For the external demand dimension of the matrix, firms need to look at the current and likely future demand for the practice and ask some of these questions: What is the overall demand for the practice? Is it different in certain sectors and how do those sectors intersect with your client base? Is it a practice that is likely to face significant price pressure that impact overall fees? Is it a practice likely to move through its life cycle quickly? Is it a practice subject to disruption from technology or alternative legal service providers? Is it a practice which might be impacted by regulation (positively or negatively)?
For the internal competiveness dimension of the matrix, firms need to ask: What is our current competitive position? What is our ability to improve our competitive position (and what investment will be required)? Is this, or does it have the potential to be a ‘known for’ practice? How profitable is the practice today and what is the profit potential going forward? Is this a practice that drives work to other areas of the firm? Is this a practice that is strategically important to clients?

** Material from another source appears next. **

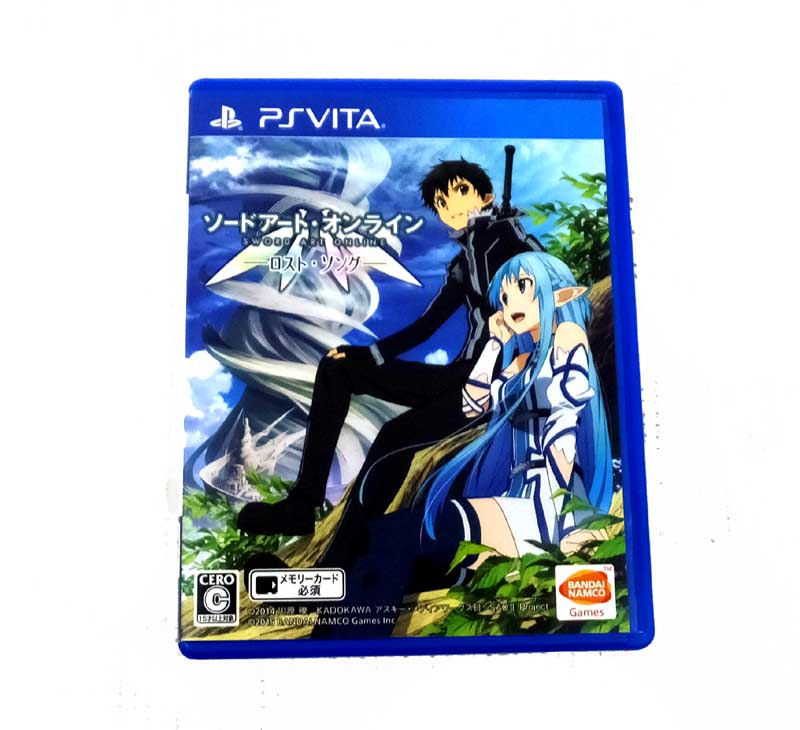 【中古】 バンダイナムコ ＰＳＶＩＴＡ ソードアート・オンライン ―ロスト・ソング― 【山城店】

A practice that has high external demand and high internal competitiveness is a ‘Star’ practice. These practices are typically good candidates for growth and investment if there are not limitations on growth (such as conflicts). By contrast, a practice that has low external demand and in which the firm is not a strong performer represents a weak candidate for growth or investment. In fact, the firm should consider cutting or at least phasing out those practices. However, if an underperforming practice is supporting a Star practice, there may be a justification for maintaining that practice.
A practice where the firm is strong, but the external demand is flat, is referred to in BCG terms as a ‘cash cow,’ meaning companies should hold the investment but milk profits. While the concept of milking profits does not typically play out well in the law firm context, these are practices where firms should generally maintain a strong competitive position but seek ways to leverage the expertise into new areas, or have a plan for reorienting and restructuring the practice should demand begin to decline. These practices need to ensure they do not fall prey to buggy whip syndrome.
Finally, there are areas where external demand is high, but the firm’s competitive position is weak. These are areas which may offer superior growth potential, but the firm needs to be realistic about its ability to substantially change its competitive position. Do you need to be a Netflix in order to capture more market share? Does the firm have sufficient resources (both money and talent) to invest in this area? What is the likely timeline for achieving a stronger market position? Who are your competitors and what resources do they have?
In today’s world, business cycles are moving more quickly and being in business for 150 years, like the New England Confectionery Co., does not guarantee survival. Firms need to be aware of how these cycles will impact demand for the firm’s services. Understanding how your practices are positioned and what that means for investment, divestment and management is critical.